## [EXERCISE PROMPT]
In the entries below, which lines run from the one containing "2021 GENIE AWP-30S DC" to the one containing "Türkiye'de Deprem Sonrası"? Copy exactly those lines, ends included, and no others.

[Dataset records]
┏━━
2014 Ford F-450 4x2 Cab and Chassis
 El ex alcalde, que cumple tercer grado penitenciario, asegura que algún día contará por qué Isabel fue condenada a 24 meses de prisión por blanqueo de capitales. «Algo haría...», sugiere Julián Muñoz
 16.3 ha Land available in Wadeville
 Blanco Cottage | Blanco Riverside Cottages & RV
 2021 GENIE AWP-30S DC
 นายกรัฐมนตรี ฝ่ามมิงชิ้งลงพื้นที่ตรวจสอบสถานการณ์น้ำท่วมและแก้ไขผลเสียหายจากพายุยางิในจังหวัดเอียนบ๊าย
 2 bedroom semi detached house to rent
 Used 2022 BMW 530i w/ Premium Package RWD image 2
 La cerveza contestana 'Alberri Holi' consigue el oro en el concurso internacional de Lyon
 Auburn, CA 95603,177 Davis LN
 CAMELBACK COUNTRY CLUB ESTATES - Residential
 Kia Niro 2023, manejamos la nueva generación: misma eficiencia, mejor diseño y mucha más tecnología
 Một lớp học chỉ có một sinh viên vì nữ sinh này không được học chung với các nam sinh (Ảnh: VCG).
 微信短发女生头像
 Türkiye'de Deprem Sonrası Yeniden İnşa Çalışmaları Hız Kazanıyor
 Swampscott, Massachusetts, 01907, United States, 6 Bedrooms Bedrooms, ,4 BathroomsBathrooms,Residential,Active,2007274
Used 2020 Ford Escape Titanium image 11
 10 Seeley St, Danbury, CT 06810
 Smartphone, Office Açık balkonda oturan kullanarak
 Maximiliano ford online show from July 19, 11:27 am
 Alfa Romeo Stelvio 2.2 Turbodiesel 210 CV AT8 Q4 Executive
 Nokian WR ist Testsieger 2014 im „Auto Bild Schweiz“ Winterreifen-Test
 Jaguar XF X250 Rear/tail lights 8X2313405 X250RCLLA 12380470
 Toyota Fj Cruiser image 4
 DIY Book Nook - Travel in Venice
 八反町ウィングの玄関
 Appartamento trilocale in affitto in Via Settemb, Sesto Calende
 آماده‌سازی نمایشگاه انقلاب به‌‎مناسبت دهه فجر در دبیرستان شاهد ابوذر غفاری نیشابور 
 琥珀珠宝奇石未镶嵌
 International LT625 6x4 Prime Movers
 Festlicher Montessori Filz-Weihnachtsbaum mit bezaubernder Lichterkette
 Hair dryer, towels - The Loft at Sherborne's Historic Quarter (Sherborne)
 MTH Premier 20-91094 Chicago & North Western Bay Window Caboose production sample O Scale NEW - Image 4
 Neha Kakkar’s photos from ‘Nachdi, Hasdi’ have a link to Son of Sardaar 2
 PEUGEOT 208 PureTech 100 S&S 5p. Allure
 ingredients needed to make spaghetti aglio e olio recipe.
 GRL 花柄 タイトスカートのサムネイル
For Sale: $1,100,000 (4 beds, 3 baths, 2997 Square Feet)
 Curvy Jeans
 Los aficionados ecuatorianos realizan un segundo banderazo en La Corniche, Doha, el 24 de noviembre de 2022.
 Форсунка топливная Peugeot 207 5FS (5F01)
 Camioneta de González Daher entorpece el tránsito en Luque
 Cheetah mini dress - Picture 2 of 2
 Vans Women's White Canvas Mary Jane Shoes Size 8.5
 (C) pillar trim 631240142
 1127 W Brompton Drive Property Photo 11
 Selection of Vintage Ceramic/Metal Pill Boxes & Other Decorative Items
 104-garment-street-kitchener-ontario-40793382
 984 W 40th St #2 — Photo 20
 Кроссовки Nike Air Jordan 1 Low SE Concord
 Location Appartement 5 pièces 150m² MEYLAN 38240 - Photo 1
┗━━
## [OUTPUT OF THE TASK]
 2021 GENIE AWP-30S DC
 นายกรัฐมนตรี ฝ่ามมิงชิ้งลงพื้นที่ตรวจสอบสถานการณ์น้ำท่วมและแก้ไขผลเสียหายจากพายุยางิในจังหวัดเอียนบ๊าย
 2 bedroom semi detached house to rent
 Used 2022 BMW 530i w/ Premium Package RWD image 2
 La cerveza contestana 'Alberri Holi' consigue el oro en el concurso internacional de Lyon
 Auburn, CA 95603,177 Davis LN
 CAMELBACK COUNTRY CLUB ESTATES - Residential
 Kia Niro 2023, manejamos la nueva generación: misma eficiencia, mejor diseño y mucha más tecnología
 Một lớp học chỉ có một sinh viên vì nữ sinh này không được học chung với các nam sinh (Ảnh: VCG).
 微信短发女生头像
 Türkiye'de Deprem Sonrası Yeniden İnşa Çalışmaları Hız Kazanıyor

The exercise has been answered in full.